Fifteen years later, this debate seems quaint to me. What I didn’t anticipate then was how the distinction between creating content and consuming it would be erased by daily use of this technology. The iPad is a productivity tool—I write with it and use it extensively in my teaching—but time spent on the iPad is a blur of activity, a sometimes frenetic toggling between apps in a mostly unconscious hunt for dopamine hits. In the pre-iPad world, boredom would lead me to stand up and do something different. Now my finger deftly searches out another app and I dive into the next thing without having moved an inch. And so my iPad usage is a hopscotch through available apps and activities. Creating. Consuming. It is all part of the same digital slipstream mediated on an 11-inch touchscreen.

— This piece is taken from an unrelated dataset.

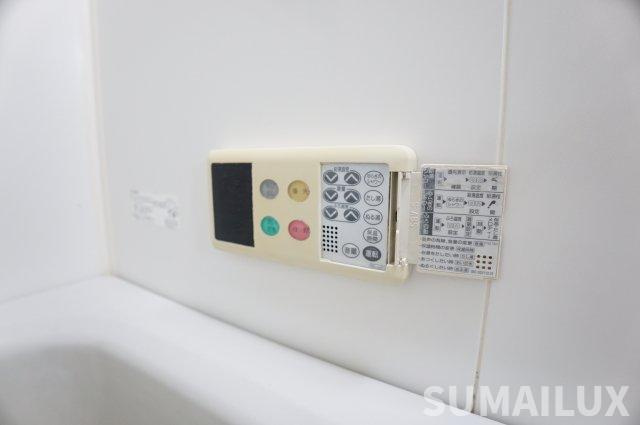 熊本市中央区水前寺３丁目の賃貸マンションの設備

And it has proved to be addictive. If the iPad were something I inhaled through a rolled-up fifty-dollar bill or injected into my veins, there would have been an intervention long ago. But in true American fashion, addiction itself is not the problem; it is the vector for addiction that brings on judgment, intervention, and punishment. I could spend eight hours a day on the iPad with little more than raised eyebrows from my wife and daughter to let me know that I had a problem. I was a functioning iPad-aholic, but who really cares when the object of your addiction is one of the most beloved consumer products in history.
It wasn’t until I put my iPad in a drawer for two weeks that I began to understand the pernicious effects of this device. Over the Christmas break, I essentially ceased using my iPad, relying instead on my phone for communication and my desktop computer for work and surfing the web. This self-imposed fast essentially compartmentalized key functions of my life into separate devices. I quickly learned how much that little screen was mediating my entire life.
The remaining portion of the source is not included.